Moralistas y árbitros de la moda, en efecto, siempre iban a mostrar su encono contra el comercio, en todo lo que va de las cejas incrédulas que se alzaron cuando Harrod’s pasó a manos de un árabe al desdén de quien se refiere a El Corte Inglés como si estuviera perdonando la vida a alguien. Por supuesto, hay una ironía en que el supermercado más caro de París se llame “El barato” sin censura de la corporación municipal. Sin embargo, ha habido también una lírica del comercio, no difícil de rastrear entre las pesadas caobas de Bergdorf Goodman, la cúpula de las galerías Lafayette o las sesenta latas de codorniz rellena de foie y las cuatro cajas de champán que encargó Mallory en Fortnum’s para subir con garbo el Everest. Galerías, pasajes comerciales y grandes almacenes fueron un momento de Europa, como El Corte Inglés iba a ser una página en la historia sentimental de la mesocracia española.

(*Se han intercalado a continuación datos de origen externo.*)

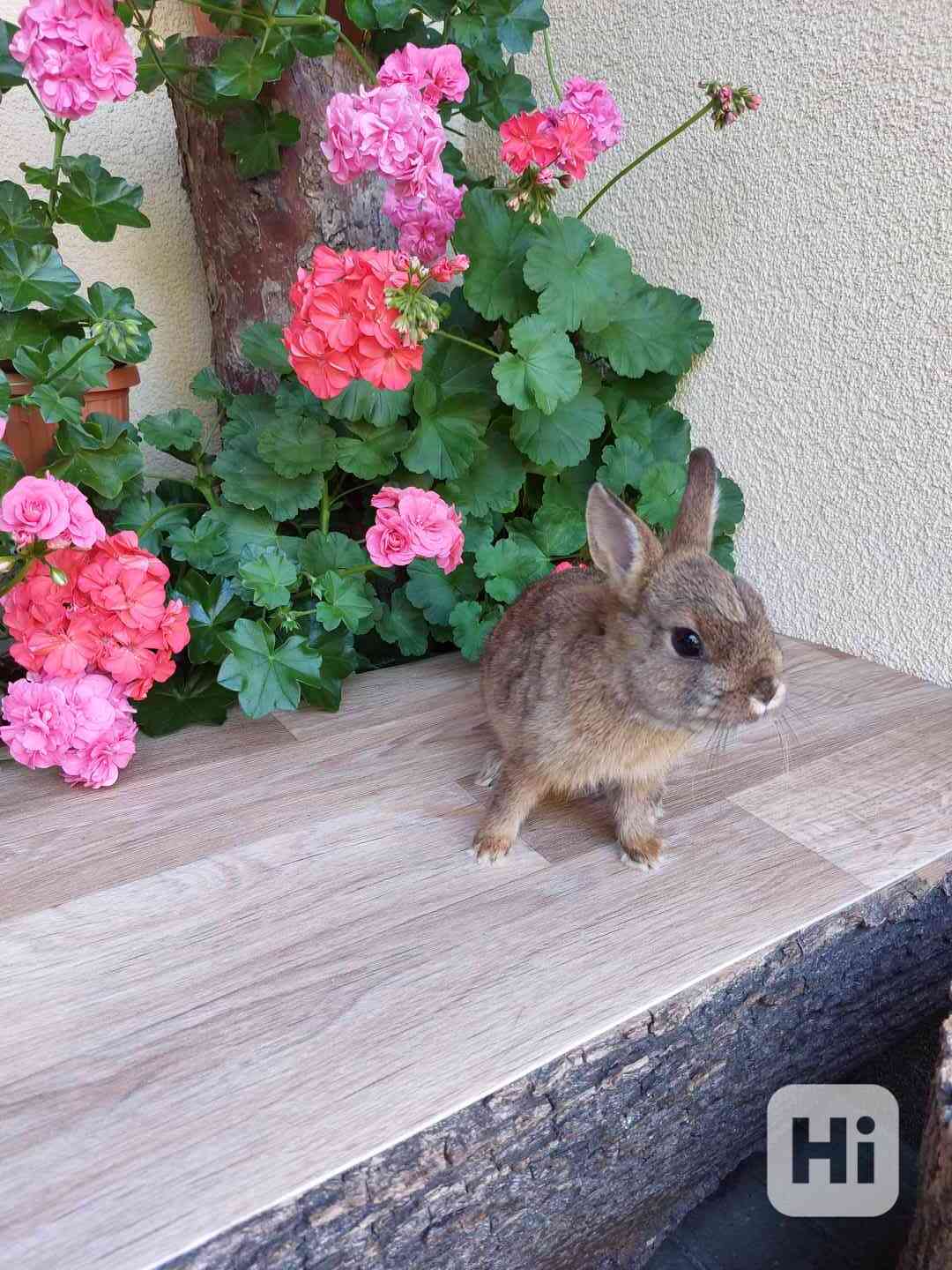 Zakrslý králík hladkosrstý - sameček - foto 1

Frente al prejuicio “anti-trade”, tampoco faltó en estos establecimientos un sentido del honor. Simpson, en Piccadilly, cerró muy adecuadamente sin ver el nuevo milenio, como el final de un reinado feliz: al hacer su elogio fúnebre, no pocos recordaron que el alto tono de la casa se debía a unos dependientes extraídos de entre la oficialidad de la guerra. Ese prurito de vieja honestidad pervivió a su modo en la resonancia anglófila de El Corte Inglés, donde –frente a la dramaturgia intimidatoria que ve Mauriès en tantas tiendas de hoy- también encontrábamos a esos vendedores “de elocución desapegada, de modales discretos” y el servicio como un arte de “presentar sin insistir”. “Si no queda satisfecho, le devolvemos su dinero”: tal vez sólo les faltara fiar, pero ya no hay muchas empresas que traten de usted a sus clientes.